I'm still getting a kernel OOPS as soon as mount tries to mount the first XFS partition: XFS mounting filesystem lvm(58,0) Unable to handle kernel NULL pointer dereference at virtual address 00000008 printing eip: c022c4bf *pde = 00000000 Oops: 0000 CPU: 0 EIP: 0010:[<c022c4bf>] Not tainted EFLAGS: 00010256 eax: 00000000 ebx: d6b96240 ecx: d6b96040 edx: 00000000 esi: d6af4017 edi: 00002a05 ebp: 00000000 esp: d6bf7d54 ds: 0018 es: 0018 ss: 0018 Process mount (pid: 2831, stackpage=d6bf7000) Stack: 00000000 00000000 00000000 00000246 00000000 00000000 d6b79c20 00000000 00000000 d6b96240 d6af4017 00002a05 d6b79c00 c022c702 00000000 00000000 00000000 00000200 00002a05 d6b96240 00000000 00000000 d6b79c20 d6af4017 Call Trace: [<c022c702>] [<c021876d>] [<c0221cde>] [<c02220c9>] [<c0236fc3>] [<c0133e38>] [<c01410ba>] [<c0141a83>] [<c015309e>] [<c014102c>] [<c0141dfd>] [<c0154273>] [<c0154590>] [<c01543d9>] [<c01549c1>] [<c0108ec7>] Code: 8b 45 08 0f b7 40 10 89 04 24 e8 b2 f7 ff ff 89 44 24 18 8d I've completely rebuilt the kernel after "make mrproper" to be sure there was nothing messed up during the compile.

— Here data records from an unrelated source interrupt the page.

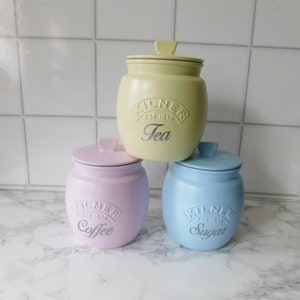 May include: Three ceramic canisters with lids, labelled "Tea", "Coffee", and "Sugar". The canisters are pastel yellow, pink, and blue.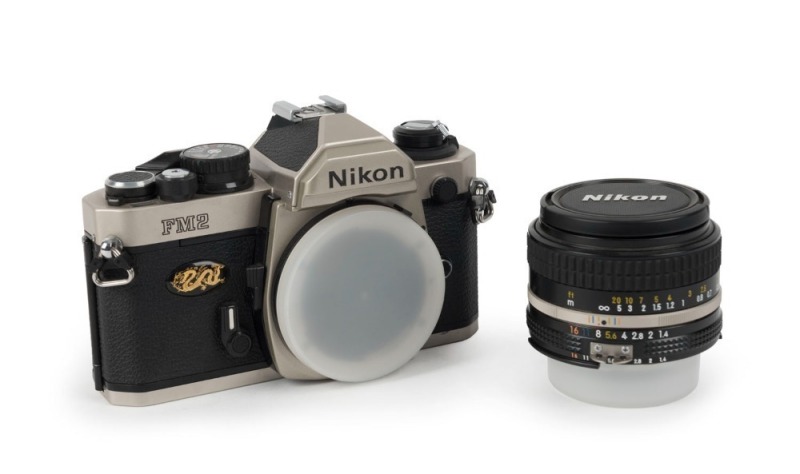 NIPPON KOGAKU: Nikon FM2 Millennium Edition Kit [1292/2000] with champagne-gold FM2 SLR camera and Nikkor 50mm f1.4 lens, both bearing matching serial numbers. Presented in a gold, velvet-lined maker's box together with front and rear lens caps, retail bo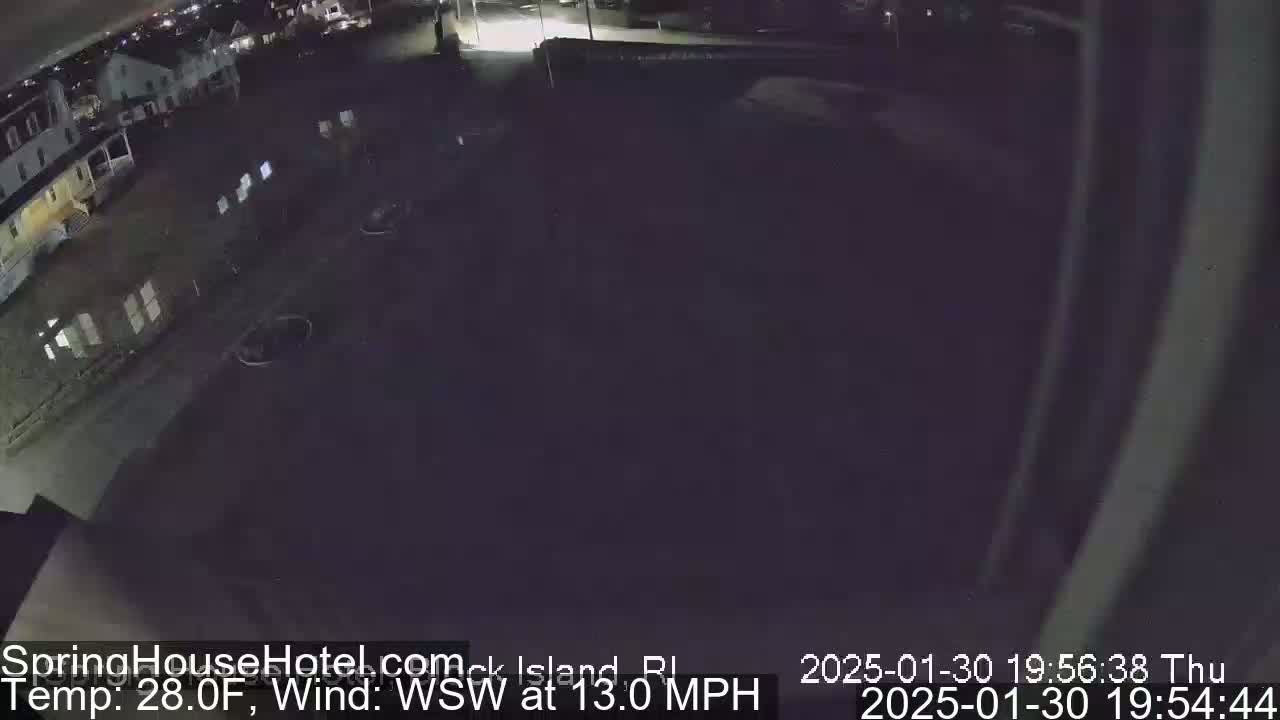 A nighttime, high-angle view of a parking lot and buildings, with a WSW wind at 13 mph and a temperature of 28 degrees Fahrenheit.
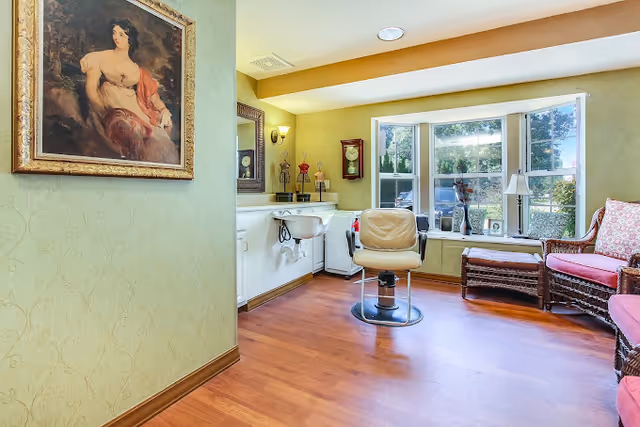 A bright interior room with a salon chair and sink, wicker seating by a bay window, and framed artwork on the wall.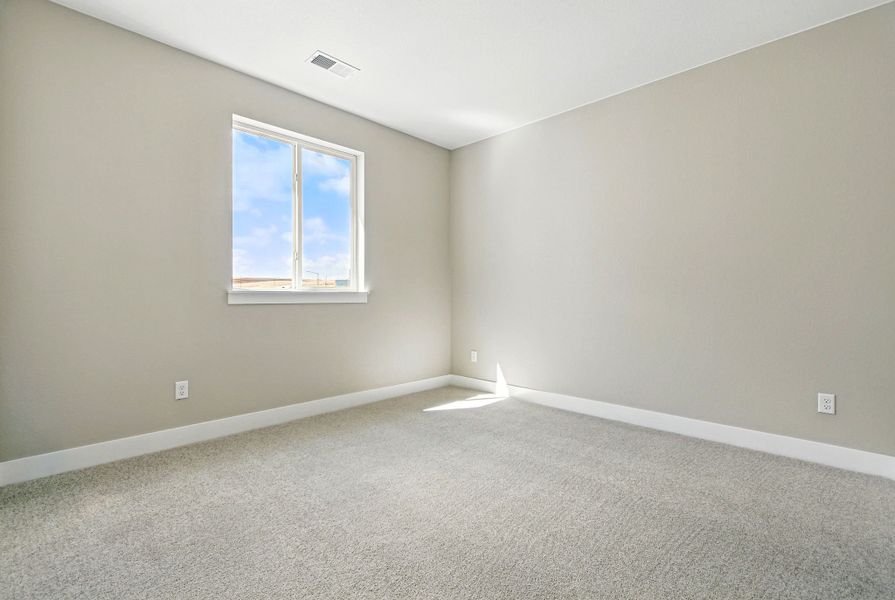 Spacious, unfurnished interior of a new home in Trailstone, Arvada (Image 35).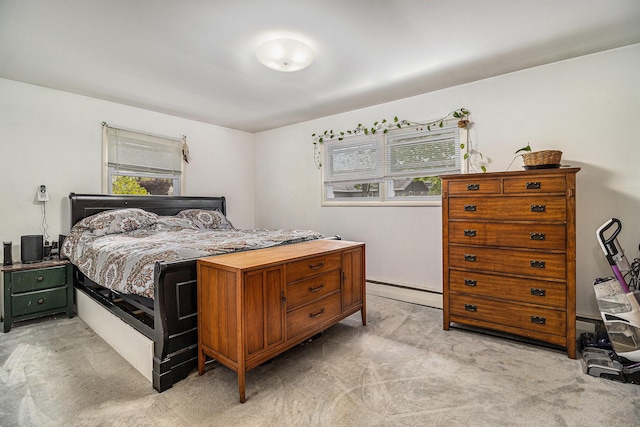 bedroom featuring light colored carpet, multiple windows, and a baseboard heating unit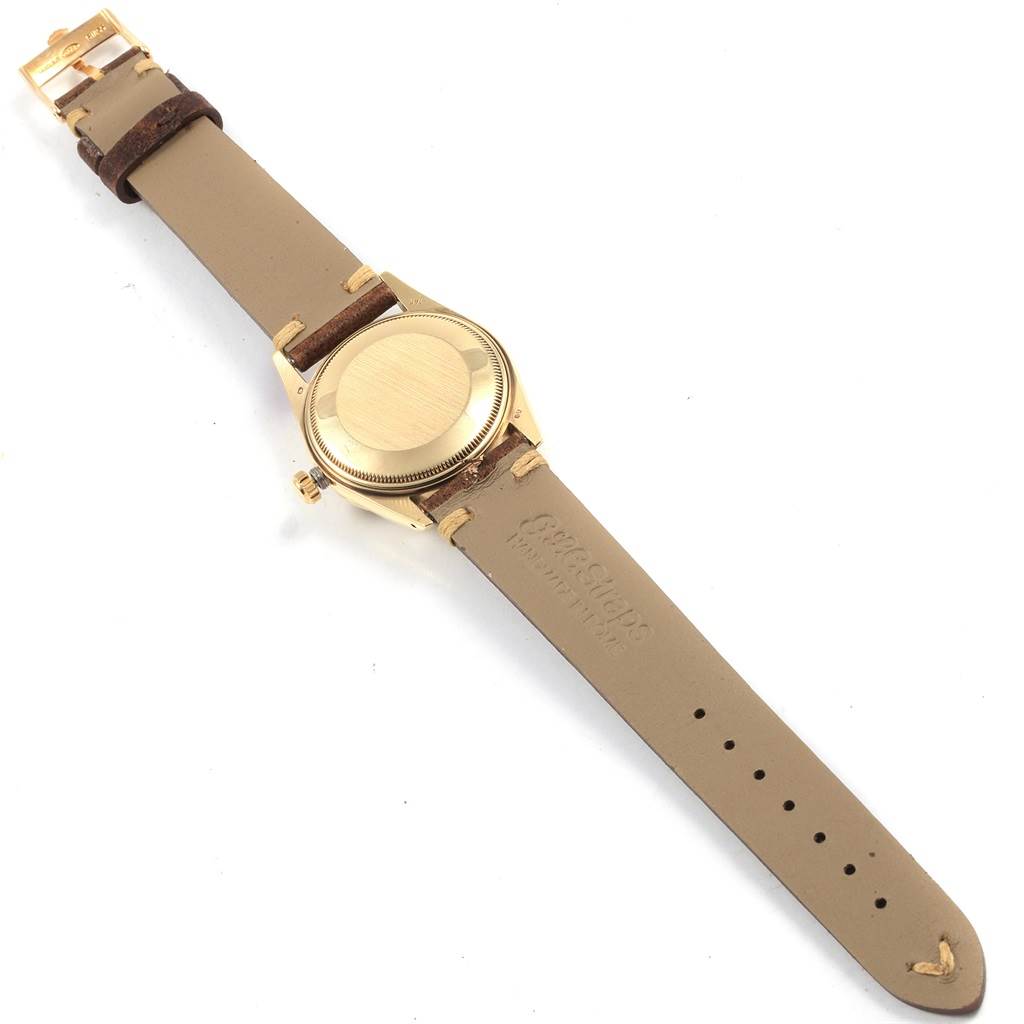 This image shows the back angle of the Rolex Vintage Collection 15037 Men
s Yellow Gold Champagne Dial 15037 Men
s Yellow Gold Champagne Dial watch, highlighting its leather strap and gold case back.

wowzer, lemme get mjc back in on this one, apparently the issues with xfs-sources-r1 are LVM related and I dont use it and know little about it.
I'm now running a vanilla 2.4.19 kernel patched with ftp://oss.sgi.com/projects/xfs/download/patches/2.4.19/xfs-2.4.19-all-i386.bz2 (+freeswan+loop-aes, but that does not matter). This one works fine, no kernel panics after all. It seems like one of the additional patches from http://gentoo.lostlogicx.com/patches-2.4.19-xfs-r1.tar.bz2 is causing the problems. What's in there?
xfs-sources-2.4.19-r2 hit Rsync recently, can you test that (assuming you don't use grsecurity as grsecurity is currently broken in that patch)
and sorry to request more testing... but it is a whole new version of xfs an stuff... I'm currently working on resolving the grsecurity issue...
I've now tested xfs-sources-2.4.19-r2. It seems to work fine (i.e. I could boot it properly and use w3m to read some pages on the console. Because my current kernel includes FreeSWAN 1.98b + FreeSWAN-alg-0.8.0 and loop-AES, I'll keep it instead of changing back to xfs-sources, so I cannot say anything about its long-time reliability. When 2.4.20 is out, I'll come back to you. :) Thanks!